How to complete this task:
Restate word for word the lines in the listing below, starting at the line containing "王楚(chǔ)钦賽(sài)后采访回应自(zì)己(jǐ)的表现" and ending at the line containing "2024 Ford Super", both included; leave out the rest.

Given data:

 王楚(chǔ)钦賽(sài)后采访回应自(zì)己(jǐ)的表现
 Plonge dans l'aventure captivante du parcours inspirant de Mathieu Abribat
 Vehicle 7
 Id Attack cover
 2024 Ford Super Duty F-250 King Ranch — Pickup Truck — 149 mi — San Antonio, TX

* * *

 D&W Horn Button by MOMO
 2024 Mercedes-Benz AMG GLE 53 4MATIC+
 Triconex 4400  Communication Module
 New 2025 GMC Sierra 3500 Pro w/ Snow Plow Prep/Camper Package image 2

--

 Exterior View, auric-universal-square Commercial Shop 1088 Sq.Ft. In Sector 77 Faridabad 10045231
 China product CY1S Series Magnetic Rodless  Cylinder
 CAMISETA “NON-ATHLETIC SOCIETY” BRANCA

Task result:
 王楚(chǔ)钦賽(sài)后采访回应自(zì)己(jǐ)的表现
 Plonge dans l'aventure captivante du parcours inspirant de Mathieu Abribat
 Vehicle 7
 Id Attack cover
 2024 Ford Super Duty F-250 King Ranch — Pickup Truck — 149 mi — San Antonio, TX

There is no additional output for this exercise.